3.08.2008

Lessons in Seeing....and Thinking



If you want a valuable lesson in art, get ye down to the Littman Gallery on Portland State University's campus. Until March 26 they are displaying preparatory sketches that Picasso did for his famous Guernica painting.





These are the fascinating shows to see because they reveal how artists use art to think. You can witness his ideas take shape as he plays around with variations on several themes within the painting. You can also see alternate possibilities for how he chose to organize the painting into a unified whole. And, invaluable to the novice, you can witness the fact that even though it is not 'realistic.' the artist meant it to be that way. It was a lesson I learned while in college- also seeing a similar show of Picasso's work. I noticed a drawing, very similar to this one:



The thing I noticed the most were the erased lines- the ghosts of paths not taken.

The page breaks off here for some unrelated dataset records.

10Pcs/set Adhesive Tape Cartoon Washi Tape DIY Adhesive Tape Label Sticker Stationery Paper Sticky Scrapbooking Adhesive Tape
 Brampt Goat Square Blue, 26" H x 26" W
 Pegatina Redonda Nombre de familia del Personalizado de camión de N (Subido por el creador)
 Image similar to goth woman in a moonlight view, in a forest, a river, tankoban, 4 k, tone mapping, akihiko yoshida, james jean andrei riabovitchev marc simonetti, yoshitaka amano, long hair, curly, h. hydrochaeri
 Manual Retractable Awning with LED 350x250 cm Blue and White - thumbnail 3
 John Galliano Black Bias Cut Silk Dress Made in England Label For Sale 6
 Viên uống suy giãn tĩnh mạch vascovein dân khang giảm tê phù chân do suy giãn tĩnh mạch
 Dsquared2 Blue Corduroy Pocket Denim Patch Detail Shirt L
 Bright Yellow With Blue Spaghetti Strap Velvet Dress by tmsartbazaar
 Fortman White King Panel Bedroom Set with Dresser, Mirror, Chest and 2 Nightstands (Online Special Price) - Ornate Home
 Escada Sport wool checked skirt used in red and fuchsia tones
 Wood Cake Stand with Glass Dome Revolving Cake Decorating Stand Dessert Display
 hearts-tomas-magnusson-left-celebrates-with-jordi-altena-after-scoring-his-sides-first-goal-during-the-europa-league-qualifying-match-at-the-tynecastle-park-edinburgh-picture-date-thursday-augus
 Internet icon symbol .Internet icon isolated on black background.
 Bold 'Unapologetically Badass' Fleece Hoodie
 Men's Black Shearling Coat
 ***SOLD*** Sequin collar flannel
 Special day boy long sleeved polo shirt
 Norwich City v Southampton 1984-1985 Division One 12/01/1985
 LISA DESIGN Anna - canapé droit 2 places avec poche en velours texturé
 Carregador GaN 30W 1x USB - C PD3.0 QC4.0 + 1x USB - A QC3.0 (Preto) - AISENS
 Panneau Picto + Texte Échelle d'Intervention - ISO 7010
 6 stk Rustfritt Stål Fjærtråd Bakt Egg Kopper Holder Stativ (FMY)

In particular, the paths that were more 'realistic.' You see, when I looked at a strange looking abstract painting and some critic or teacher said the artist meant it to look that way, I thought they were full of crap. Until I noticed Picasso- taking a picture that was 'right', erasing it and making it abstract- or even if his original version was abstract- there was still the conscious choice to make it different. It was an eye opening experience. Unfortunately the gallery is closed on weekends but they stay open until 7pm on Thursday evenings. I'd be happy to join anyone who wanted to go see it (but you'd probably have to bribe my wife to give me up for an evening away from the kids.)